Joseph Emmanuel Zwiener was born in Heidau, Snesia, circa 1848 and died in 1925 and was one of the leading furniture makers of the end of the nineteenth century. He is listed as working in Paris between 1880-1895 at the rue de la Roquette. Present scholarship suggests that Joseph Emmanuel Zwiener and the ebeiste Julius Zwiener, who worked in a remarkably similar style are the same maker. Joseph Emmauel is not recorded in Paris after 1895.

At that point, the Paris workshop appears to have been taken over by another important emigre and ebiniste Francois Linke. It is thought that the sculptor Leon Mesange who orginally worked with Zwiener may have transferred to Linke’s workshop when Zwiener ceased trading in Paris in 1895. Zwiener almost certainly employed François Linke, who was six years younger and a fellow German-speaker. The Pankraz Gedenkbuch mentions Linke as "working in Paris with a German master.
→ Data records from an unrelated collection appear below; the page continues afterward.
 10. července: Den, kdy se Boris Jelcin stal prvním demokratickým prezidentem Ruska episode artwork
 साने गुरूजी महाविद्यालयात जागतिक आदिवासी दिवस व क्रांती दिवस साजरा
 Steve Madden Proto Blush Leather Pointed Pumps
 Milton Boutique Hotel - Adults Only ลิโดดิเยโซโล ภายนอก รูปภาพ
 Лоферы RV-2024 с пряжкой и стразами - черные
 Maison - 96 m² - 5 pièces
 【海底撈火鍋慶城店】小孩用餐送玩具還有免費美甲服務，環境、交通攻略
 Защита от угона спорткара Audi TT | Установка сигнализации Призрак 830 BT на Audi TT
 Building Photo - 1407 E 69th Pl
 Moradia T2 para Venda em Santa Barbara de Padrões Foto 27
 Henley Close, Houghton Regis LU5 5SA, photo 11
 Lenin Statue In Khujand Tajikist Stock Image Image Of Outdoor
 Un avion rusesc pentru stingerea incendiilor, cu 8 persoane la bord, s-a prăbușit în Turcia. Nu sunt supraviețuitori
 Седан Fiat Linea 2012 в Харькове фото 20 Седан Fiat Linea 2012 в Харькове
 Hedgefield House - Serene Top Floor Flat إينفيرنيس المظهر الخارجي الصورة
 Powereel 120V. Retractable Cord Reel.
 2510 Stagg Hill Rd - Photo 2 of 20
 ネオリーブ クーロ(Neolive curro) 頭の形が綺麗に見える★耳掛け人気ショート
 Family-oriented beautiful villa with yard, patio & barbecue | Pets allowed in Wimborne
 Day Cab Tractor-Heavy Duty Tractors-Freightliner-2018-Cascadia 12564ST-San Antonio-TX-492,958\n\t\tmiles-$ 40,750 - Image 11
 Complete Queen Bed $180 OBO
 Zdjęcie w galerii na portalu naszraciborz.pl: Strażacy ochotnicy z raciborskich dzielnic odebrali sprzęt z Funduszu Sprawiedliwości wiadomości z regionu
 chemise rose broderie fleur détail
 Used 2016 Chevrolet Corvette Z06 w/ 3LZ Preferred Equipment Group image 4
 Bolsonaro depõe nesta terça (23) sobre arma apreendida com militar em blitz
In 1895 his Paris workshop was taken over by the important émigré and ébéniste, François Linke. Christopher Payne, in his book on Linke, speculates that Linke may have worked for Zwiener when he first arrived in Paris in 1875. Linke is known to have also taken on Zwiener's sculptor Léon Messagé. For this reason many of Zwiener's pieces have often been mistakenly attributed to Linke. The high quality of the ebenisterie and the gilt-bronze mounts are characteristic of Zwiener’s work. As Mesange worked for Linke and Zwiener in the same style, many of Zwiener’s pieces have been attributed to Linke. In order to differentiate commissions, the bronzes were often marked on the reverse side with the maker’s initials.

Several of Zwiener’s mounts have been found with a “Z”, a “ZW”, or “IZ”, on the reverse. other pieces have been found with a signature and/or date. In 1889, the firm won a gold medal at the Exposition Universelle for a Jewel Cabinet. The jury noted “es ses debuts a une Exposition Universelle (il) s’est mis au premier rang par la richesse et le fini de ses meubles incrustes de bronze et fort habilement marquestes”. In 1898, Julius Zwiener was commissioned to make an important bedroom suite for Kaiser Wilhelm II.